For southern planters, the decision on Missouri defined the future of slavery. With foreign trade in slaves outlawed, planters relied on natural increase and trading slaves from older to newer areas of cultivation to meet the demand for labor. Moreover, with free blacks packing the congressional galleries in Washington to listen to congressmen debate Missouri statehood, supporters of slavery worried that divisions among whites could fuel resistance to slavery and even open revolt. Two rebellions had occurred in recent memory. In 1811 some four hundred slaves in Louisiana had killed two whites and burned several plantations. Their advance on New Orleans was stopped only when U.S. troops killed more than sixty rebels. Even more immediately, several hundred fugitive slaves had joined forces with Seminole Indians in 1817, raiding Georgia plantations and establishing autonomous communities in central Florida. Andrew Jackson’s 1818 attack halted their activities, but most of the fugitive blacks escaped deep into Florida.

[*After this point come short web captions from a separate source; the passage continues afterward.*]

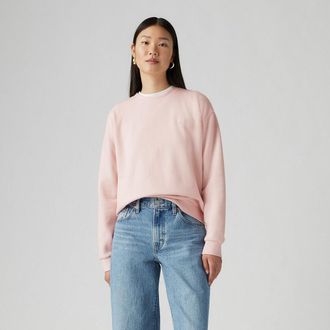 Levi's Sweater met ronde hals, logo op de borst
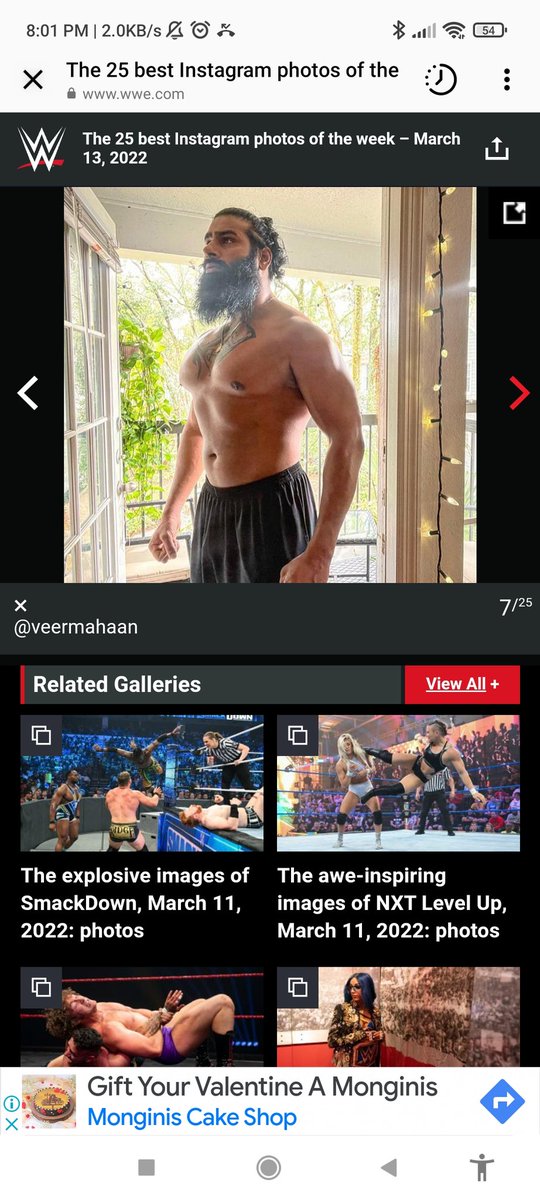 amaanaden's tweet photo. Everybody making mems on @VeerMahaan  
look where actually he is 
And now I'm getting hyped for his return on television 
All the best 
#WWERaw 
@wrestle_chatter https://t.co/ytuNblnCcU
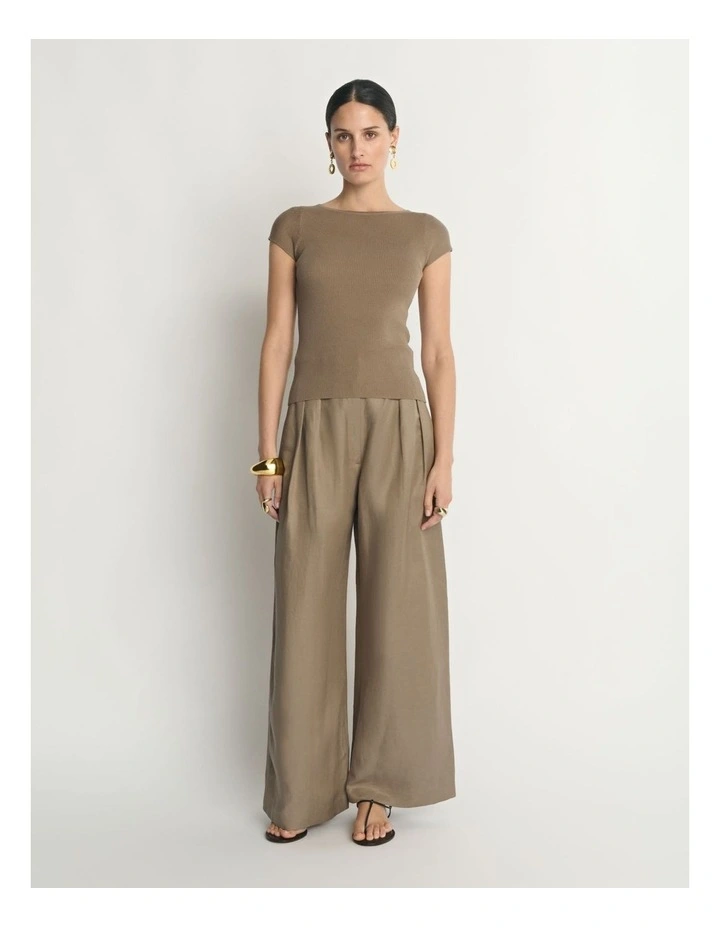 Cotton Silk Cap Sleeve Knit image 2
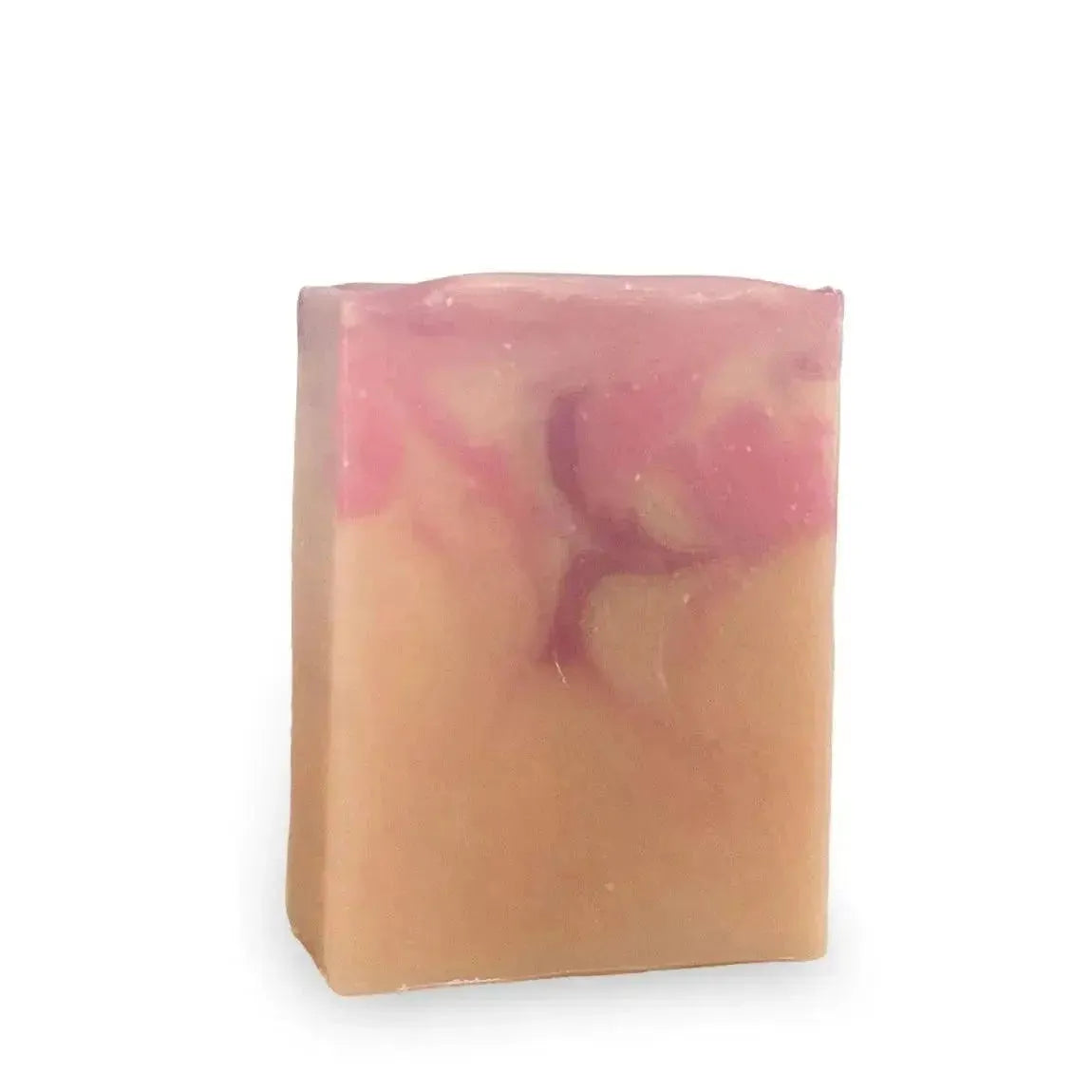 Savon naturel et artisanal pêches et cerises. Savon hydratant solide fait au Québec par Savonnerie Escale Nature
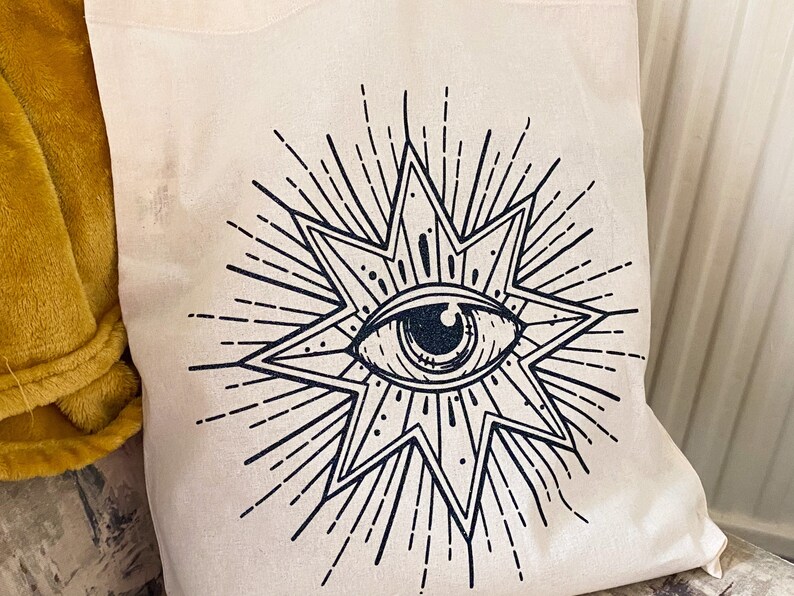 Mystic Star Tote Bag Glitter imagen 7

In 1820 Representative Henry Clay of Kentucky forged a compromise that resolved the immediate issues and promised a long-term solution. Maine was to be admitted as a free state and Missouri as a slave state, thereby maintaining the balance between North and South in the U.S. Senate (Map 9.3). At the same time, Congress agreed that the southern border of Missouri—latitude 36°30—was to serve as the boundary between slave and free states throughout the Louisiana Territory.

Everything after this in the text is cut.